Moacyr Castro

Crônicas, reportagens e entrevistas.

2002Crônicas

Salvem a professorinha!

O aluno estava drogado na sala de aula de uma escola municipal. Sentado, lá atrás, na turma do fundão, alheio a tudo, à própria vida. Muito longe da roda de colegas que o cercava. Sem chamar a atenção daquela vítima, a professora desviou o tema e passou a alertar a meninada para o perigo das drogas, do vício e das más companhias desses viagem sem volta, em que todos os passageiros embarcam para o inferno.

A professora foi clara e sincera com eles: “Poucos, quase ninguém, conseguem regressar. Esse veneno cria dependência. Vocês sabem o que é isso? É terrível: dependência significa que sem o consumo da droga, o pobre do viciado morre. É o que chamam de ‘fissura’. E para se manter vivo, precisará de doses cada vez maiores, até morrer, também. Não adianta dizer que estão só ‘experimentando’, pois basta experimentar, para começar o caminho do fim.”.
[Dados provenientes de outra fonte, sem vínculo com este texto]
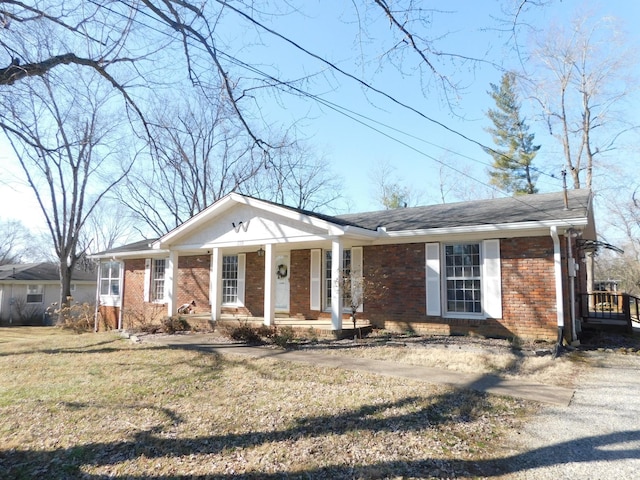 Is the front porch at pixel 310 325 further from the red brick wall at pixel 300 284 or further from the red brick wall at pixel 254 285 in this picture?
the red brick wall at pixel 254 285

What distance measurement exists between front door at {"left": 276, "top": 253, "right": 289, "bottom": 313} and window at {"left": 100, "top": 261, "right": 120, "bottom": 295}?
911cm

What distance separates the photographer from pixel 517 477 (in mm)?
3492

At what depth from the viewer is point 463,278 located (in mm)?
10461

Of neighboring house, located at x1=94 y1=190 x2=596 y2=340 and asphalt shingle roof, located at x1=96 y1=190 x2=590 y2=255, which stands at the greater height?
asphalt shingle roof, located at x1=96 y1=190 x2=590 y2=255

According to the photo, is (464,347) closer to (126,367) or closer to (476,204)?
(476,204)

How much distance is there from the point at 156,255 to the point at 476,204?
12.5 meters

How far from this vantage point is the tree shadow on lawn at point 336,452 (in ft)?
11.9

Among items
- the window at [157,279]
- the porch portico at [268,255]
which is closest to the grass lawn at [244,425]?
the porch portico at [268,255]

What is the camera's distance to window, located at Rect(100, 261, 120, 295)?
747 inches

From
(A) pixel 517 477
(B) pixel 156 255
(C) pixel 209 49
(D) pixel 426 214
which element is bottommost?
(A) pixel 517 477

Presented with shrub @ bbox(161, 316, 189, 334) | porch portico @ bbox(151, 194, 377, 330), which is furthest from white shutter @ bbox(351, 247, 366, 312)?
shrub @ bbox(161, 316, 189, 334)

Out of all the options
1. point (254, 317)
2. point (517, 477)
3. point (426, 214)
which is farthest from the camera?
point (254, 317)

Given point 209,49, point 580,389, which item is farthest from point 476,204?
point 209,49

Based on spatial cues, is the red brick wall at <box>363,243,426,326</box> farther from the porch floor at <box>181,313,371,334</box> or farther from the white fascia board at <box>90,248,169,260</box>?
the white fascia board at <box>90,248,169,260</box> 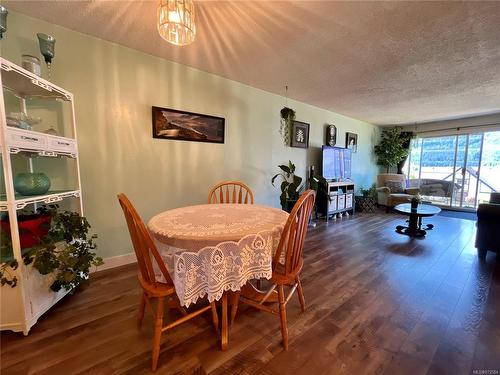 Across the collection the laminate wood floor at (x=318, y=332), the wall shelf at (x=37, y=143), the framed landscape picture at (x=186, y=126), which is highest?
the framed landscape picture at (x=186, y=126)

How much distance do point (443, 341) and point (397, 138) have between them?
5740 millimetres

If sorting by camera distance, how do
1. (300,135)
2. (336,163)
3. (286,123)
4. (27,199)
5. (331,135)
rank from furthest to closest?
1. (331,135)
2. (336,163)
3. (300,135)
4. (286,123)
5. (27,199)

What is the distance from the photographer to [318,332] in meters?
1.40

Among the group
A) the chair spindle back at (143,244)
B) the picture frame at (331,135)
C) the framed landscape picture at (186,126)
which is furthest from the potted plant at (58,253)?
the picture frame at (331,135)

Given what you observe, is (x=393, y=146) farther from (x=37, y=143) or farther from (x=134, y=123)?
(x=37, y=143)

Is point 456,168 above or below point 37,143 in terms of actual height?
below

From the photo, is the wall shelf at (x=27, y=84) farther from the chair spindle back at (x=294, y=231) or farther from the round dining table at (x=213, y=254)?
the chair spindle back at (x=294, y=231)

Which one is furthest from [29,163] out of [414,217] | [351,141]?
[351,141]

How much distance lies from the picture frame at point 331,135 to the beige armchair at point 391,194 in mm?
1888

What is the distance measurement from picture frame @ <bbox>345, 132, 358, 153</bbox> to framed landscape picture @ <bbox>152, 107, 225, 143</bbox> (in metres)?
3.42

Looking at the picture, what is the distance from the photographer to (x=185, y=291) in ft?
3.48

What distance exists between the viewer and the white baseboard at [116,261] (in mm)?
2179

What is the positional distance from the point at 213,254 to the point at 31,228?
1360 mm

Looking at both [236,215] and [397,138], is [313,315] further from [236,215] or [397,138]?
[397,138] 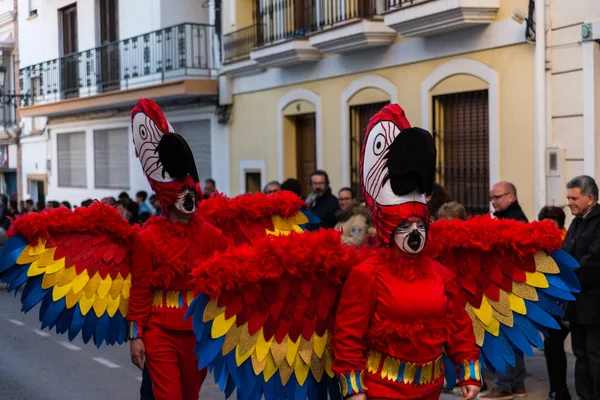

(Atenção: num lugar onde traficantes fazem palestra em entidades de recuperação de drogados e vendem drogas para a própria platéia, tudo pode acontecer. Atenção de novo: esse lugar é o Brasil, onde 78% dos jovens drogados experimentaram droga pela primeira vez dentro de casa.)

Dois dias depois daquele pequeno desvio no tema da aula de História, outra professora encontrou-se com ela e avisou: “Mandaram que eu dissesse para você se cuidar e que, afinal de contas você tem filho. Foi um telefonema anônimo.”.

Aquela foi a primeira ameaça. A Segunda explodiu dentro da escola. Uma aluna, de seus doze anos, como toda menina de doze anos, tem no pai seu grande herói, amigo, protetor e exemplo. Ao mesmo tempo, é a mais rebelde da classe, insolente, arrogante, sem educação alguma. Daquelas para quem a professora não significa nada. E aquela mesma professora ameaçada tempo atrás advertiu a garota: “Se você continuar assim, será reprovada.”.

A reação foi estarrecedora: “reprovada, nada. Se você me reprovar, meu pai te mata! Ele é o maior traficante dessa zona, tá sabendo? Mata você e ainda faz uma limpeza aqui na escola. Vê se não me enche e vai cuidar da sua vida, que agora está por um fio, falô?”.

E com que orgulho ela disse que o pai é o maior traficante do bairro onde fica a escola!

A mãe da professora decidiu passar por cima do sacerdócio com que a filha se dedica àquelas crianças e procurou a secretaria de Educação da Prefeitura, para que alguém tomasse uma providência. “Não podemos fazer nada, aquela região da cidade é perigosa, mesmo; o jeito é sua filha ir levando, sem se preocupar com o futuro dos alunos dela.”. (!!!).

Um funcionário de secretaria de Educação que pensa assim não deveria passar o próprio futuro na cadeia?

Mãe é mãe. Já que as “autoridades civis organizadas” não fazem nada pela “sociedade civil desenganada”, ela pensou que apelando para os que mandavam no tempo da ditadura militar, os da “sociedade militar organizada”, resolvesse.

Você está sentando (ou sentada)? O comandante não disse a mesma coisa; disse pior: “Minha senhora, esse bairro onde sua filha leciona é barra pesada de verdade. Eu aconselho à senhora pedir transferência da professora para outra escola, mais perto do centro da cidade, porque por ali nem a gente se arrisca. É muito perigoso!”.

Pregado no poste: “O nariz do seu filho é aspirador de pó?”